第7話 「魔法使いの恋」その1

 もし目撃者がいたとしたら、ずいぶん奇妙な光景に思えたはずだ。あるいは可愛げな見た目はまやかしで、正体は魔物の類かと疑ったかもしれない。

 だが人里離れた深い森を独り行く少女は、正真正銘の人間だった。年の頃はせいぜい十二、三歳ぐらいに見える。物は良さそうだが山歩きには頼りない軽装で、道なき間を飛ぶように歩いていく。


 いや飛ぶように、ではない。事実として飛んでいる。小さな布靴が地を踏むたびに、地を弾く力が湧き起こり、少女の体を前へ前へと運んでいく。

 鬱蒼と繁る樹木を右へ左へとかわしながら進んでいた少女が、ふと眉をひそめた。


 悲鳴だ。今まさに少女が向っている先から、恐ろしい苦痛に満ちた叫びが響き渡る。

 少女は足を緩めなかった。逆にますます速度を上げて、危険が待ち受けているだろう場所を目指す。


「……一応、間に合ったわね」

 少女、ミレイユはほどなく目的地に辿り着いた。だがその呟きを耳に留めた者がいたとして、きっと頷きはしないだろう。


 ミレイユの視線の先には、男がうつ伏せに倒れていた。ひと目ずたぼろだ。むしろ男の残骸と言った方が近い。まだ息があるのが不思議なほどの重傷だった。

 そしてまだわずかに残った命の灯は、今まさにかき消されようとしていた。


 魔物がいた。巨大な熊に似ているが、胴体部分にぱっくりと縦に口が開き、長く尖った牙が内側にびっしりと並んでいる。
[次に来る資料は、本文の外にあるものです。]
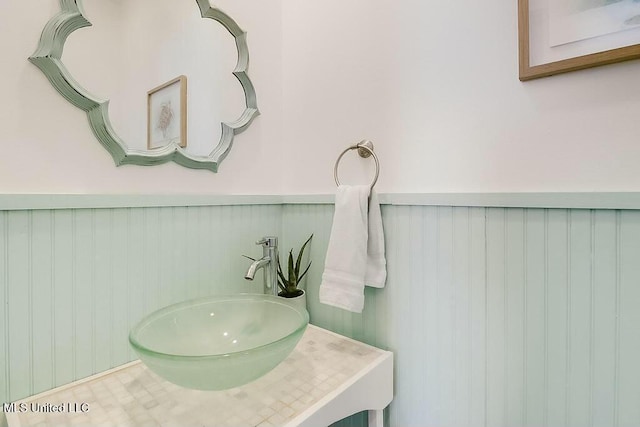 bathroom featuring a sink and wainscoting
ただの獣ではあり得ない。

 魔物は四肢を地面に下ろすと、もはやぴくりとも動かない男の上に覆いかぶさる。食事の時間だ。


 ミレイユは不快げに目元を歪めて、だがそのまま真っ直ぐに歩みを進めた。

 無作法な闖入者に気付いた魔物が首をもたげる。黄色にぎらつく目でミレイユを睨みつけ、頭部と腹部の両方の口で咆哮を放った。


 単に巨大な声量というのみならず、破壊的な力を伴った衝撃波が、間にある枝を幾本もへし折りながら少女の元へ襲いくる。
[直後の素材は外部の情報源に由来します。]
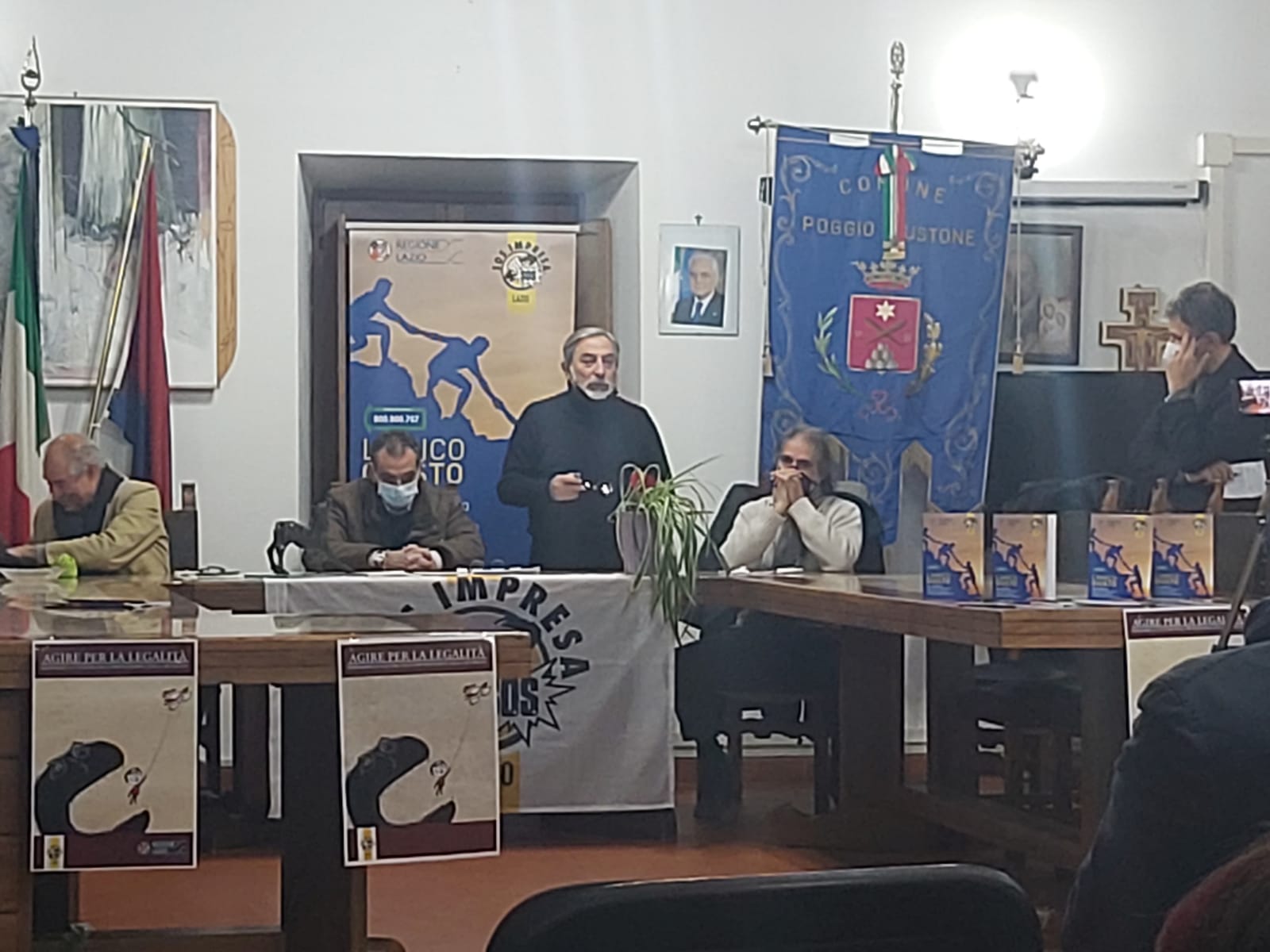 PHOTO-2021-12-15-18-59-57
 ミレイユはほっそりした腕を持ち上げると、指をぴんと一本伸ばして振った。


“シズメ”

 幼げな唇が紡いだ呪文はわずかに一語。

 竜巻の如き衝撃波が、微かな風のそよぎを残して消失する。


 きょとんとしたように魔物が固まる。異形の人喰いにしては微笑ましい反応だったが、それも束の間、すぐに激しい敵意を燃え上がらせると、餌にしようとしていた男を踏みつけて突進を開始する。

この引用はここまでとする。